That you can find in internet and it is very good and exhaustive, from my humble point of view.

Thank you, Daniel, for the reference, i will try to find it. Btw, there is new paper by Blackledge and Babajanov (2013) whihch discuss wave function solution based on correspondence between Helmholz and Schrodinger equations. See http://arrow.dit.ie/cgi/viewcontent.cgi?article=1080&context=engscheleart2&sei-redir=1&referer=http%3A%2F%2Fwww.google.com%2Furl%3Fsa%3Dt%26rct%3Dj%26q%3Dhelmholtz%2520schrodinger%2520correspondence%2520greenleaf%26source%3Dweb%26cd%3D3%26ved%3D0CDAQFjAC%26url%3Dhttp%253A%252F%252Farrow.dit.ie%252Fcgi%252Fviewcontent.cgi%253Farticle%253D1080%2526context%253Dengscheleart2%26ei%3DrvYQU_bkK4yCrgff5oGgBA%26usg%3DAFQjCNHTmlZruy9zTnrPZowKp5r1g-6rjA#search=%22helmholtz%20schrodinger%20correspondence%20greenleaf%22.

Another paper discussing Helmholtz equation is written by Greenleaf et al., but they only use it to solve invisibility cloaking problem. Best wishes

Dear all, thank you so much for all your answers and comments. Allow me to share a summary of this discussion in a pdf file. Hopefully this discussion may stimulate further investigation. best wishes

Recently with my work on the Synthetic Physics see researchgate Germano Resconi, I found that Maxwell equations give us the basic scheme for gravity and quantum mechanics, Now because in quantum mechanics we have no locality we argue that the scheme of classical Maxwell Equation give us the non locality wihtout to introduce complex number

I would caution all those who say that the wave function of the matter wave has no physical meaning, that this is one philosophical viewpoint but far from proven. In field theory, the electromagnetic wave and the matter wave are quantized in exactly the same way, with just the difference of commutation operator: photons and other bosons commute, while fermions anticommute. Otherwise the fields of both are treated exactly the same. It would then be hard to argue that they must be utterly different phenomena.

In classical physics, we use position (x, y, z) and momentum (Px, Py, Pz) to describe a particle, along with it's other characters, such as mass, etc.; in quantum physics, the position-momentum description is replaced by a more general description, namely, the wave function.

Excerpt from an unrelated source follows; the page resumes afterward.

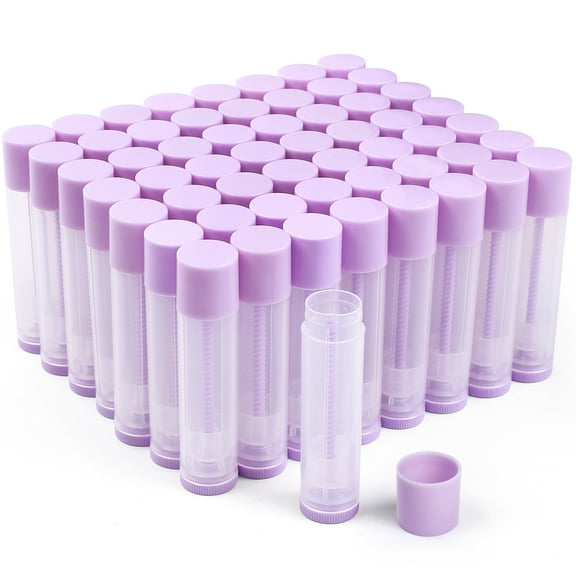 LotFancy Lip Balm Tubes Empty, 60Pcs 5.5ml (3/16 oz) Clear Plastic Lip Balm Container Tubes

The wave function has every physical meaning you would ask, beyond the simple probabilistic implications of where the particle is. For example, studying it's phase behaviours led to the Anderson Localization. It also covers other characters of a particle normally not important in classical physics, such as spin. Regarding Einstein-Podolski-Rose' 1935 paper, I would like to remind everyone in this discussion that it was simply to point out that the classical quantum mechanics interpretation of wave function can lead to a paradox, also known as EPR Paradox, against the causality implied by basic assumption in the special relativity.

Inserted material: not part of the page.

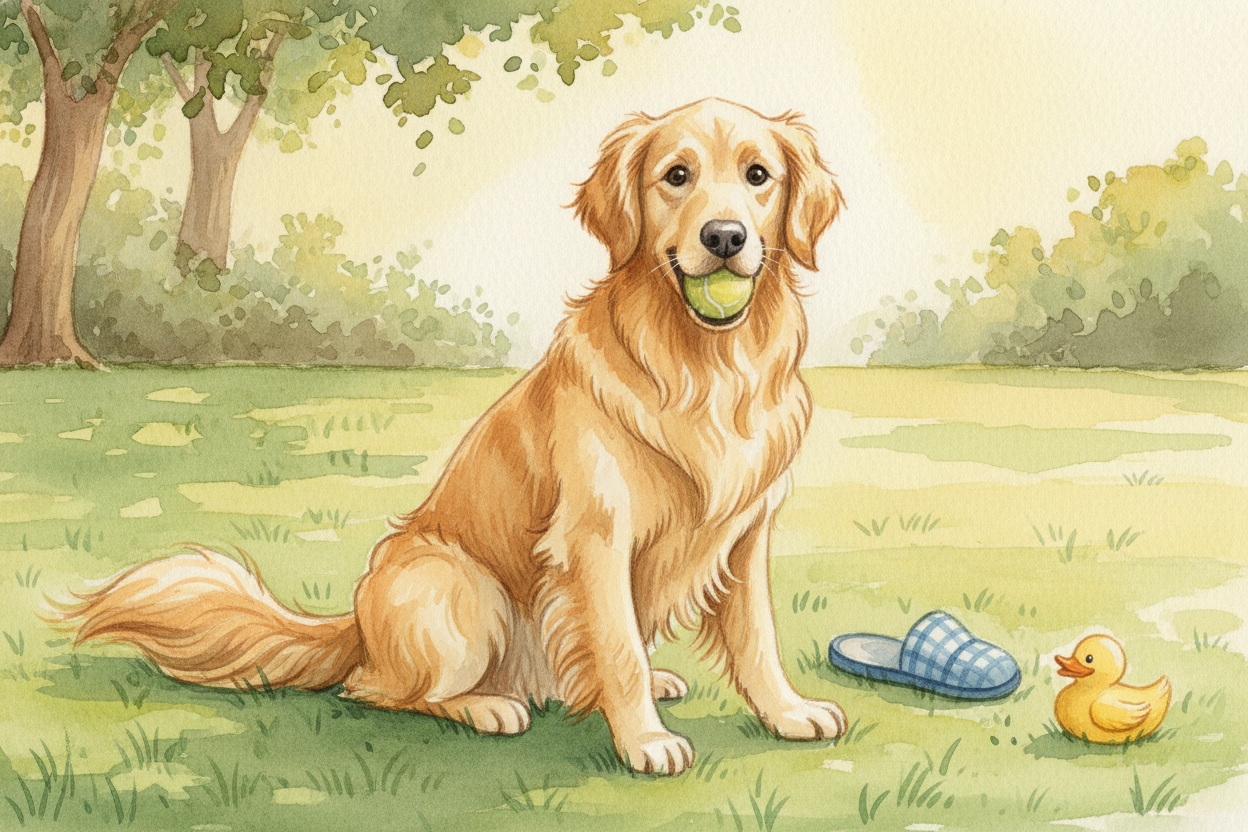 You've probably noticed: ++Golden Retrievers++ carry tennis balls, slippers, even baby ducks in their mouths **without l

@Resconi and @David. Thank you for your answers. So do you think that classical wave equation corresponds to wave function? Can you prove your argument? Because the standard quantum interpretation is that the wave function only has probabilistic interpretation.

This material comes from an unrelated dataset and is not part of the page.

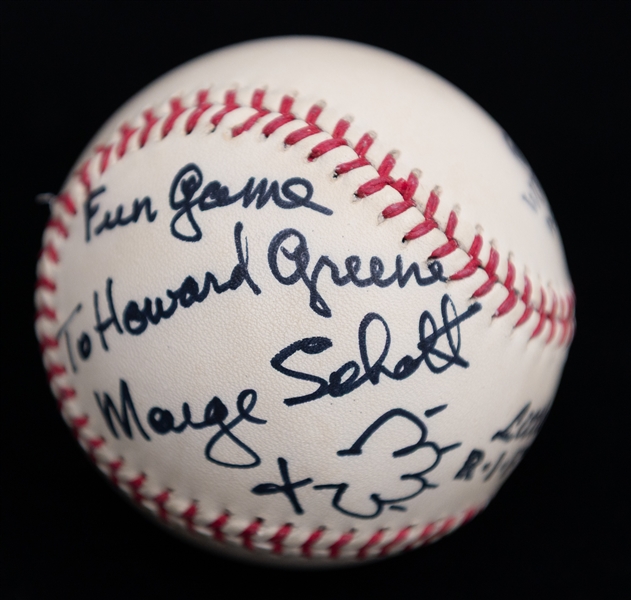 Lot of (3) Personalized and Signed Baseballs from the Howard Greene Collection w. Marge Schott, Bart Giamatti, Bowie Kuhn, & Fay Vincent (JSA Auction Letter)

@Jian-Yang. Thank you for your answer. So do you think that there is spin description too in classical wave equation? Please clarify. Thanks.

No.

The wave function in physics is a clear object: amplitude of probability, i.e. it has not physical units. Actually what is very important is that it corresponds to act as an state in front of a Hamiltonian operator for giving us the eigenvalues as the quantized energies associated to such statates and with discrete spectrum. This is what corresponds to the experimental values able to be reproduced and well measured.

On the other hand, the potential scalar of electrodynamics is also with a very good meaning: energy by unit of charge extended in the space surrounding electric charges, which is conservative if time is not involved. The units are volts.

Say, there are no possibility to interprete an amplitude of density of probability (without units) with a scalar potential (volts) which everyday is measured not only in laboratories but in normal life.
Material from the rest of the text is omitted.